14 responses to “Super Bowl’s Most Controversial Ad: The Westport Roots

  1. Fantastic
    Peter

    Sent from my iPhone

  2. Arline Gertzoff

    We need more like youBravo for standing up to the bigots

  3. Congratulations for this excellent, poignant ad. Not surprised Fox would block it.

  4. Thank you — I watched it & it spoke to my heart. I’m a Bedford Jr. High & Staples grad from way way back. I so hope our country won’t lose it’s humanity!

  5. Am also a Bedford and Staples grad, and I adored those teachers as well. The ad is really a film – and in addition to it’s beautiful message, the cinematography was STUNNING. Kudos!!!

  6. Beth Orlan Berkowitz

    So well done and well stated. Very classy way to portray what I think most of America wants. We all want hardworking people with good values for themselves and to instill in the younger generation. We want diversity, if we aren’t bigots, as long as they are trying to make a better life for themselves and their family and most of these people are happy to pay taxes, if the government will give them the ability to get here legally and work.

  7. It is a beautiful, moving piece – agree, it’s a short film – and so glad it is getting attention past the Super Bowl. Well done, John and FIXER….’proud knowing you have Westport roots.

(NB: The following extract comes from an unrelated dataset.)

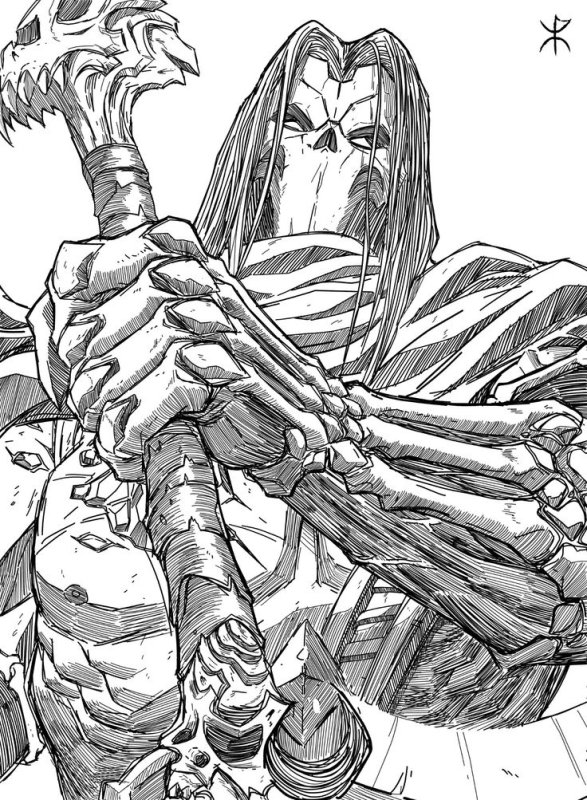 Джо Мадурейра Darksiders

  8. Mary (Cookman) Schmerker Staples 1958

    I’m a really old, Bedford Elementary, Bedford Junior High, Staples High school grad, so very grateful for all that Westport’s education and many very gracious and generous citizens did for all of us. But that is beside the point. This is a film that needs to be seen far and wide. Thank you John Noble for your heart and for the message you are sending. We, all Americans, need to remember that, unless we are Native Americans, at some point someone crossed a border so we could be here. We need to be grateful and remember their sacrifice.

  9. Philip M. Perlah

    I didn’t watch the Super Bowl (Giants eliminated in early round). Censorship by Fox is in keeping with Trump actions. Today he criticizes Nordstrom for dropping the Ivanka line (duh. poor sales). It’s going to be a tough 4 years (hope only 4).

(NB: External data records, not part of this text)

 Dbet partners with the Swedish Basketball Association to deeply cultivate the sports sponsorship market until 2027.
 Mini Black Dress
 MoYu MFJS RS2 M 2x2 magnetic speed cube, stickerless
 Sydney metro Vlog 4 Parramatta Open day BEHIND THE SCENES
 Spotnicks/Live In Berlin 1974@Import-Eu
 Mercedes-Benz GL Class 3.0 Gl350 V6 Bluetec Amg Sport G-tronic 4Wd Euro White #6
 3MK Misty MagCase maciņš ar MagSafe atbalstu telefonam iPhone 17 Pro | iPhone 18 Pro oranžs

  10. What a remarkable ad with a tremendously creative ending.

  11. Vicky Wallace

    John this is amazing. It gripped me from the start and all the way through. You and the crew that made this should be amazingly proud! I know I am. This is the America I know and love.

  12. What I don’t understand is why any advertiser would want to run a political ad in politically hyper-sensitive times. Doing this, regardless of which side one takes, will alienate a substantial number of customers. Why do that? Why would an advertiser willingly decide to irk a large chunk of his customer base? I don’t care about the politics of people I do business with. A business transaction is exactly that and no more. But I don’t particularly want the people I do business with to be shoving their politics in my face, even when I might agree with them.

    The best political sign I saw last October was in North Berwick, Maine, in front of a small business. It said, in simple block letters: “NO POLITICAL SIGNS. BAD FOR BUSINESS”

    I just don’t understand why 84 Lumber ran this ad.

  13. John F. Suggs

    Wow! Deeply, deeply moving. Thank you John Noble for using you G-d given gifts and your hard earned skills to create such a powerful film. You have made this Westporter – and so many others – very proud today. Thank you.